Liberalism in mainland Europe tended to lack the necessary mix of a strong liberal party and wide popular support that it enjoyed in Britain. The Revolutionary and Napoleonic governments in France followed liberal programs with the abolition of feudalism and the modernisation of the moribund system of the ancient regime. However, following the Bourbon Restoration of 1815, French liberals were embroiled in a long struggle to secure constitutional liberties and an expanded popular role in government under a re-established monarchy, not accomplished until the creation of the Third Republic in 1871.   

Across Europe and the Western world, liberalism fired nationalistic desires for the formation of unified, independent, constitutional states with their own parliaments and the rule of law. The most obvious proponents of this liberal attack on authoritarian rule were the Founding Fathers of the US, the revolutionary Simon Bolivar in Latin America, the Italian Risorgimento, and Lajos Kossuth in Hungary. However, the failure of the 1848 revolutions demonstrated the relative weakness of liberalism in mainland Europe. The liberals’ failure to unify the Germanic states in the middle of the 19th century was largely due to the reactionary stance of Austria and the pre-eminent position of a militaristic Prussia. Italian unification did not occur until the 1860s because of opposition from the Roman Catholic Church and the armies of Austria and France.

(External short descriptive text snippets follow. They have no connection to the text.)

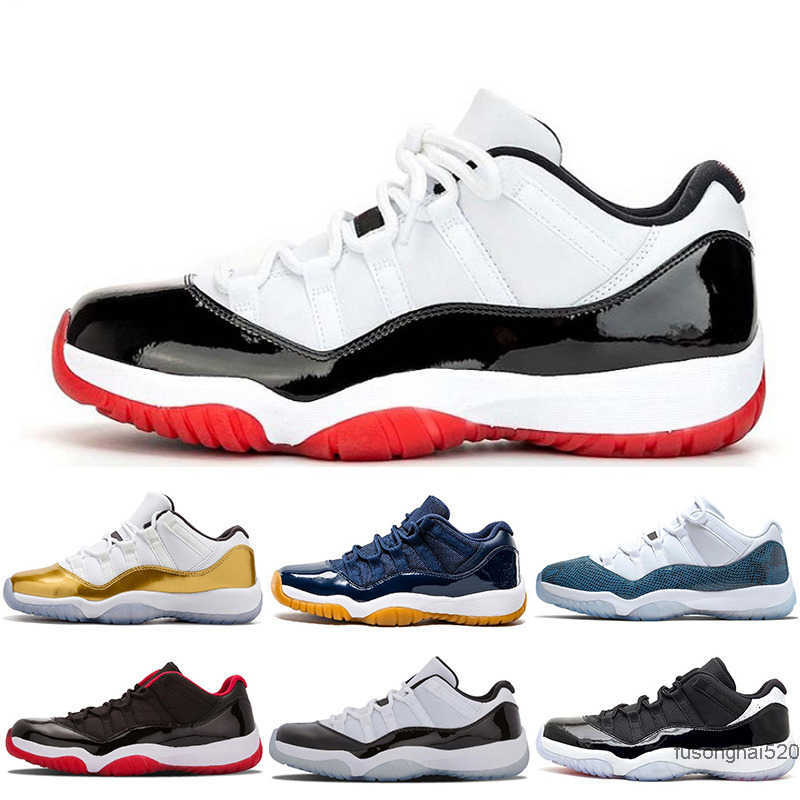 2022 popular men low basketball shoes 11s Bred Concord Infrared University Blue Varsity Red Rose Gold Closing Ceremony Navy gum sports JORDON, Concord low
2022 popular men low basketball shoes 11s Bred Concord Infrared University Blue Varsity Red Rose Gold Closing Ceremony Navy gum sports JORDON, Concord low
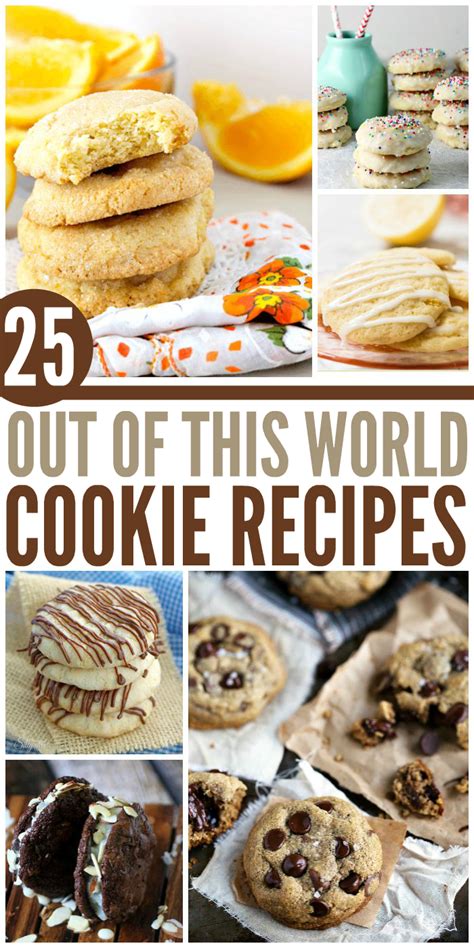 25-out-of-this-world-cookie-recipes-one-crazy-house image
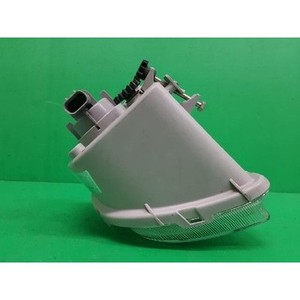 ไฟตัดหมอกมือสอง H-1 ด้านซ้าย รุ่น 922014A600 - Product Image 5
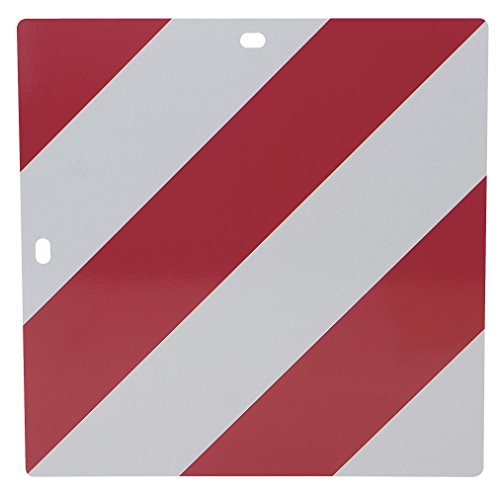 Pinter-Signum N4235 Warntafel für Land- und Forstwirtschaft Pinter-Signum N4235 Warntafel für Land- und Forstwirtschaft von Pinter-Signum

The USA was different, as it did not possess a monarchy, an aristocracy, or an established church that liberalism could rally against. Rather, liberalism was so well embedded in the USA’s political culture, structure, and legal system that there was not an obvious part for a liberal party to play until the 20th century.

Conclusion

Liberalism played a transformative role in Europe during the 19th century. Classical liberalism provided ideological legitimisation for modernisation and industrialisation which brought major changes. Feudalism ended, aristocrats lost their privileges, and monarchs were stripped of absolute power. The static economies of the Middle Ages were supplanted by capitalism, and the middle class was freed to use its energy to expand the means of production and dramatically increase the wealth of society. As liberals curtailed the power of kings, they brought the notion of constitutional government, accountable to the citizenry via elected representatives, into life.